绫小路悟在酒馆后院躺了足足半个月。
这半个月里,他真的就只是“躺着”。
那块歪歪扭扭写着“义诊”的木牌,已经蒙上了一层肉眼可见的灰尘,像一块被人遗忘的墓碑。没有一个“病人”敢踏足这片后院。
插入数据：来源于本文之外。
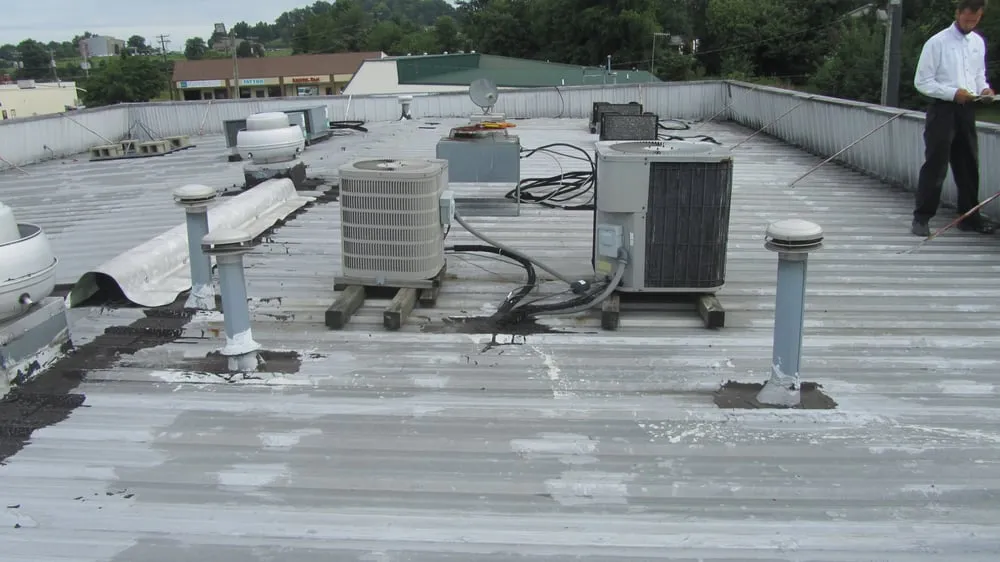 Licensed storm damage roof repair in Bennington, IN by Web Roof Coatings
润林安的居民,对他的态度已经完成了从最初的“警惕”与“嘲讽”,到如今彻底的“无视”。
一个来自瀞灵廷的疯子死神。
这是他们给他的最终定义。
一个大概是受了什么天大刺激,跑到这穷山恶水之地搞什么“行为艺术”的可怜虫。
绫小路悟对这一切,甘之如饴。
他每天的工作就是晒晒太阳,听听小曲儿——前院酒馆里传来的喧嚣、咒骂与吹牛,就是最接地气的背景音乐。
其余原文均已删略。